- Artist: Marcel Walldorf
- Year: 2010
- Medium: Silicone and metal
- Subject: Policewoman in riot control gear squatting down and urinating

= Petra (sculpture) =

Petra is a sculpture made in 2010 by the German artist Marcel Walldorf. It is a lifelike representation of a policewoman in riot control gear squatting down and urinating. Although controversial for its alleged misogyny, it obtained an award from the Leinemann-Stiftung für Bildung und Kunst in 2011.

==Description==
The life-size sculpture, made of silicone and metal, is of a woman in armored olive-green German riot control police uniform, wearing a sidearm. Most of her face is hidden behind a protective helmet and a black ski mask. She is squatting on her haunches, legs spread, pants and underwear pulled down, exposing her genitals to urinate.

The sculpture contains a mechanism by which a liquid can be made to flow out of the sculpture's genitals, but to avoid damaging the wood-tiled floor, a puddle of simulated urine made of gelatin was substituted for the sculpture's exhibition in Dresden.

The title of the work, "Petra", is a common female given name in Germany.

==History==
Petra is the first major work of Walldorf, a student at the Dresden Academy of Fine Arts. Walldorf built it in 2010, modelling the exposed body of the sculpture after a flatmate who posed for him.

The sculpture was sold to a collector in 2011. Walldorf has been commissioned to build two additional copies.

==Reception==
Petra was shown at exhibitions in Berlin and Leipzig without attracting public notice. It was awarded the third prize, worth 1,000 euro, of the Kunstpreis für Nachwuchskünstler (award for young artists) of the Leinemann Foundation for 2011. The jury found that it showed "very well the difference between the public sphere and the private sphere."

In advance of its exhibition in Dresden in January 2011, Walldorf's teacher Eberhard Bosslet informed the country's largest tabloid newspaper, Bild, about the potentially controversial sculpture. Bild published a story asking: "Is this really art?", which triggered a plethora of media reports and public controversy. The Minister of the Interior of Saxony, Markus Ulbig, was quoted by Bild as saying: "This so-called work of art is a shame. It's an insult to policewomen. I'm shocked that there are bodies who award prizes to such so-called artists." The German police union also criticized the sculpture as insulting and as "breaching the limits of artistic freedom."
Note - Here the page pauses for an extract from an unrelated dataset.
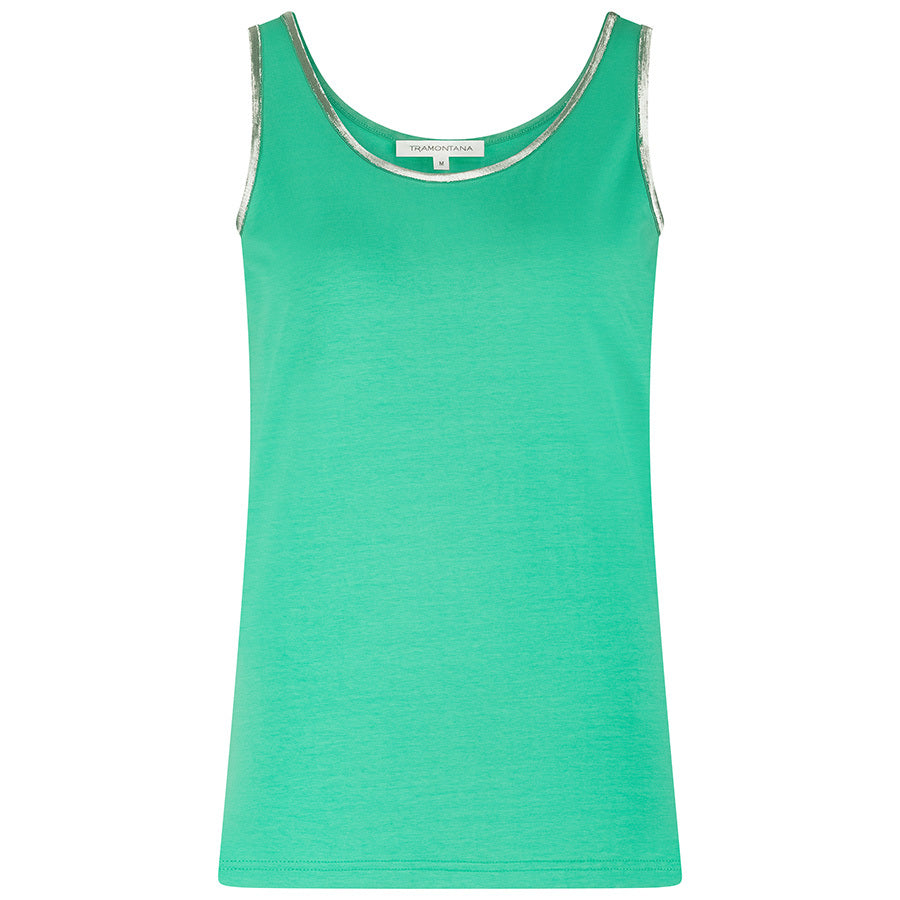 TRAMONTANA TOP LUREX TAPE EMERALD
Nonetheless, the curator of the Dresden exhibition reported that the public response to the sculpture had been "overwhelmingly positive". Walldorf himself stated that he did not pursue any political objective with the sculpture, saying that he did not intend to criticize the state or to denounce anything or any profession. In an interview with Der Spiegel, he said that he merely wondered, after seeing male police officers on riot duty relieve themselves, how policewomen would deal with this problem.